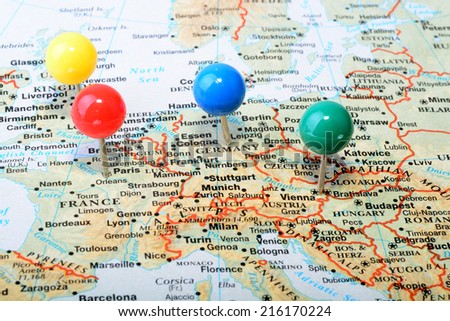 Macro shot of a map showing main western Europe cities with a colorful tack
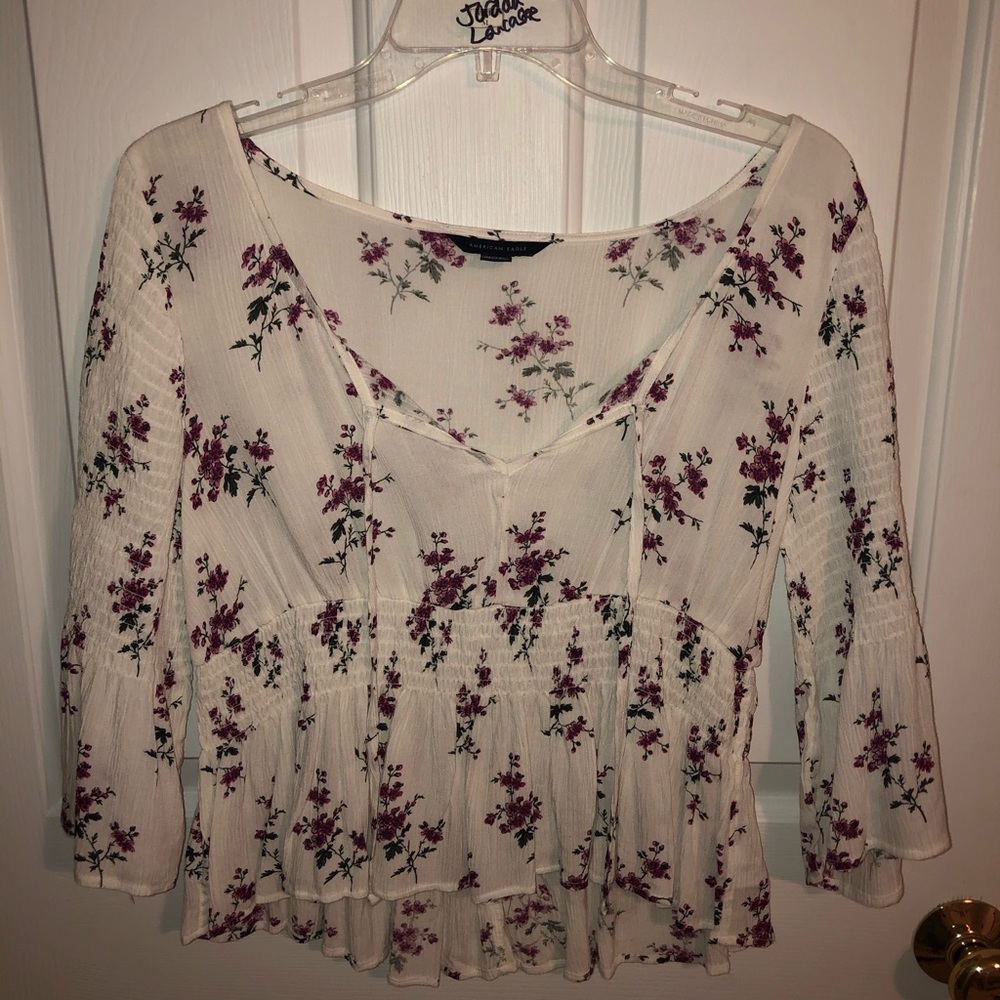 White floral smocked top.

...

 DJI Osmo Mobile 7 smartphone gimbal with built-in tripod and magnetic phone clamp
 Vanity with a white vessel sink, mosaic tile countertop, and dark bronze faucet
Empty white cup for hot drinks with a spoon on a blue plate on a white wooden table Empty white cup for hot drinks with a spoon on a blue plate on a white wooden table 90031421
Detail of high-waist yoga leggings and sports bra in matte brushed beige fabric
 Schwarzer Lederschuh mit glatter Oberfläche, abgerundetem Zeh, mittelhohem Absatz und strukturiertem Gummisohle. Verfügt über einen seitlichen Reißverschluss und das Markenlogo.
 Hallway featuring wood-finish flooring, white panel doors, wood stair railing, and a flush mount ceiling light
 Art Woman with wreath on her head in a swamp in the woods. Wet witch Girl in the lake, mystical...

--

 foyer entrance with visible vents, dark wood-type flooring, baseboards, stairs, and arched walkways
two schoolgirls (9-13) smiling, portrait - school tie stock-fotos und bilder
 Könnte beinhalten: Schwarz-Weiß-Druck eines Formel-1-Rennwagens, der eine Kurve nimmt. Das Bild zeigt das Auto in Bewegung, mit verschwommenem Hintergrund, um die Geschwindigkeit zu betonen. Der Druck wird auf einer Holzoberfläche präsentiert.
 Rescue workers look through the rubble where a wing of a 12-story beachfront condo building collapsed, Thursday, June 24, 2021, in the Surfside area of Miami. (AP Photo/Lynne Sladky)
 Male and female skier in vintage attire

_About this task_
When a line in the material includes the word "dark", copy it out.

_Worked solution_
 Vanity with a white vessel sink, mosaic tile countertop, and dark bronze faucet
 foyer entrance with visible vents, dark wood-type flooring, baseboards, stairs, and arched walkways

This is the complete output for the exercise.